RECORDS SUPPLIED —
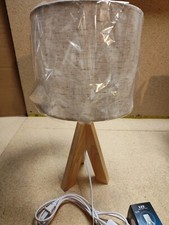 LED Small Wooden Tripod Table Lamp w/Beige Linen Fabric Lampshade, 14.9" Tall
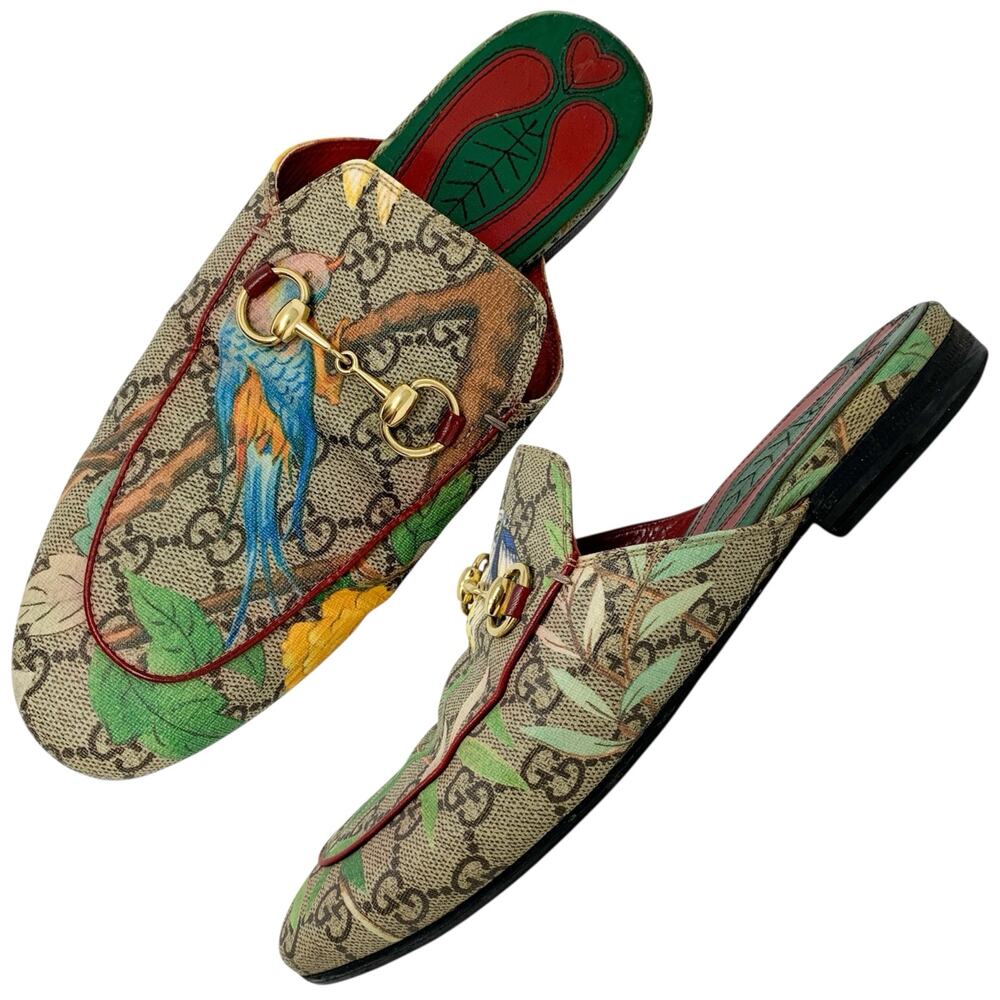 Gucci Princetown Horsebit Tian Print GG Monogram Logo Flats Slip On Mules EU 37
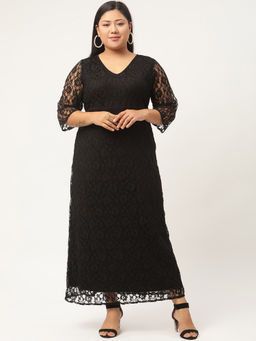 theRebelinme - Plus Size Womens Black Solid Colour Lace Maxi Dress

---

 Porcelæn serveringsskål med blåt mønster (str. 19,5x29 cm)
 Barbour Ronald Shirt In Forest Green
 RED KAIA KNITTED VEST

--

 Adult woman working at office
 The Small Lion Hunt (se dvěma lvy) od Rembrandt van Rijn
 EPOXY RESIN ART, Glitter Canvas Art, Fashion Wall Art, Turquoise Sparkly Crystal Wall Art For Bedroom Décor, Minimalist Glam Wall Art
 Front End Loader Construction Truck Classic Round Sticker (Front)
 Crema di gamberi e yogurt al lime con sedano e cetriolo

WHAT IS NEEDED —
Taking the entries above, write out exactly the lines starting with the line containing "Front End Loader" and going on through the line containing "Crema di gamberi", both included, and nothing else.

PROBLEM SOLUTION —
 Front End Loader Construction Truck Classic Round Sticker (Front)
 Crema di gamberi e yogurt al lime con sedano e cetriolo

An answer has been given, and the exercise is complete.